Hacker News new | ask | show | jobs
by shornlacuna 4531 days ago
Superior performance per watt.
3 comments

X86 chips (especially Intel's) are leagues ahead in terms of performance per watt.

In fact not only regarding performance per watt, but also performance per dollar. It's just that ARM designs for lowest power consumption while Intel/AMD design for maximum perfomance.

There are three metrics getting thrown around:

* Performance per dollar operating cost (performance per watt is closest to this)

* Performance per dollar capital expenditure (important for desktop systems, where operating costs are low)

* Performance per dollar TCO (sum of the above two)

The third one is the important one.

Good summary, but after reading this thread I'm still confused.

Why ARM?

How does the ISA impact the aforementioned criteria?

Why would a phones demand a different ISA?

The original choice of ARM for mobile and x86 for desktop is basically a historical accident.

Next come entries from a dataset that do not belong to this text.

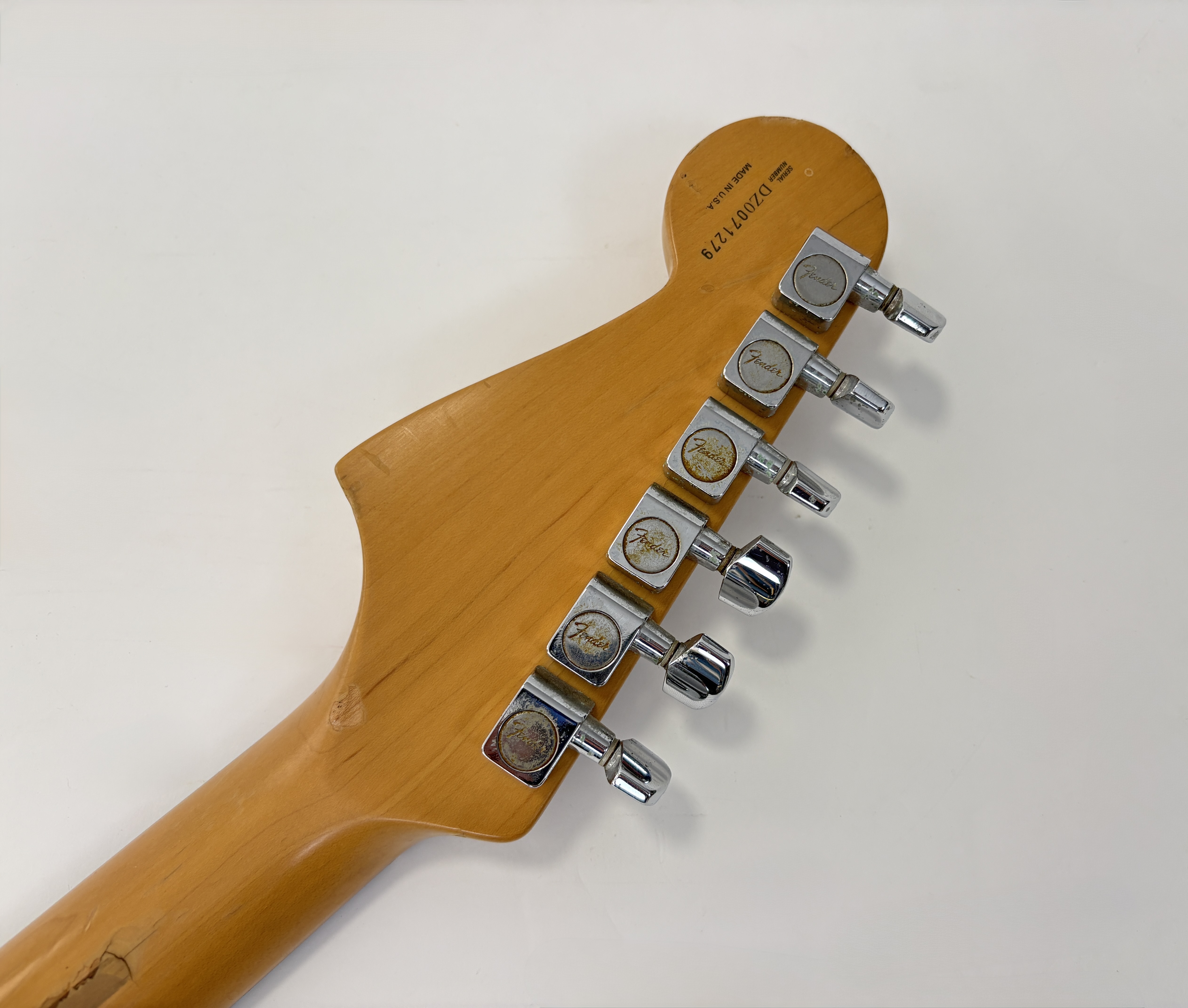 Fender Deluxe Cyclone (75014)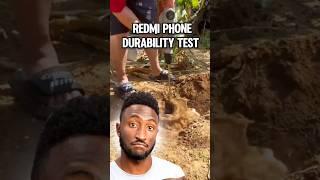 Redmi Phones Pass? INSANE Durability Test! #redmi #durabilitytest  #redmiNote13pro #NexTechie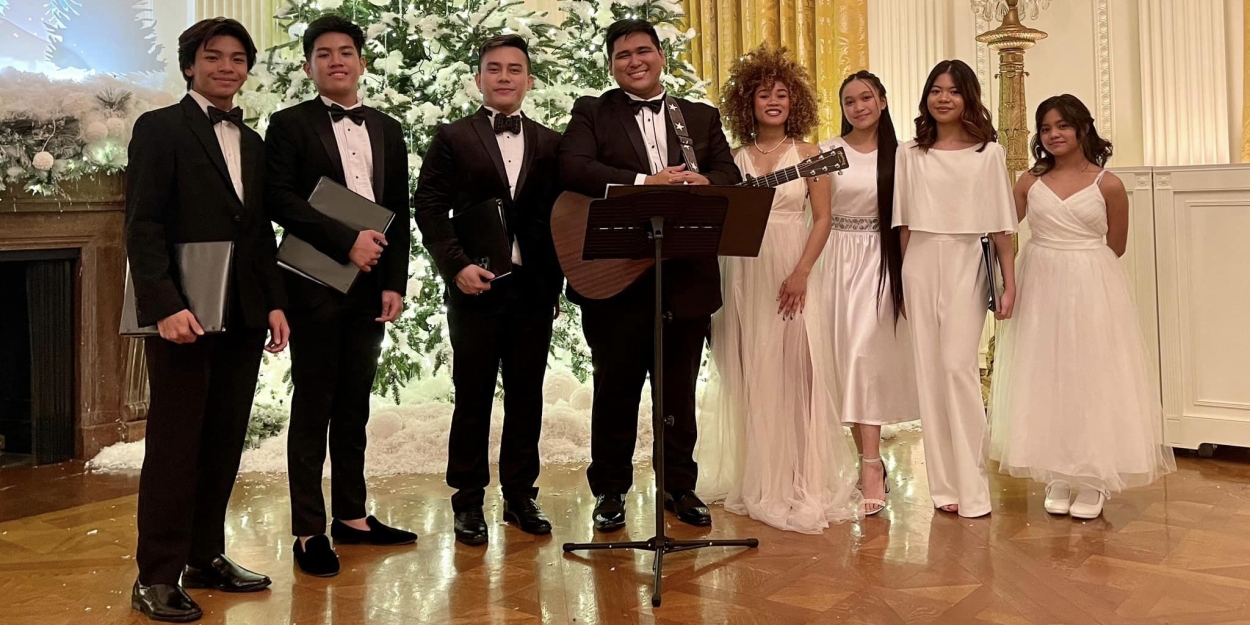 Photos: 2022 Holidays at the White House, Featuring the TOFA Performing Artists - Vimarsana News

The differences between modern ARM cpus and modern x86 have less to do with the ISA itself and more to do with the way ARM cpus have been designed to be low-power for decades and have worked their way up the performance scale, while x86 has been designed for performance and has only lately been emphasizing low power. These lead to different design points.

Because everything today is about the heat generated by computation. In a phone, it wastes the battery and is unpleasant for the user. In the datacentre, heat determines how much computation you can do in the volume of space you have, and how much you have to spend on cooling systems (the running of which is expensive too). So datacentre operators that already have a building are facing a choice: get a new building, or make better use of the one they have.

ARM cores are typically slower in absolute terms than Intel cores, but at a given level of power, you can run more of them.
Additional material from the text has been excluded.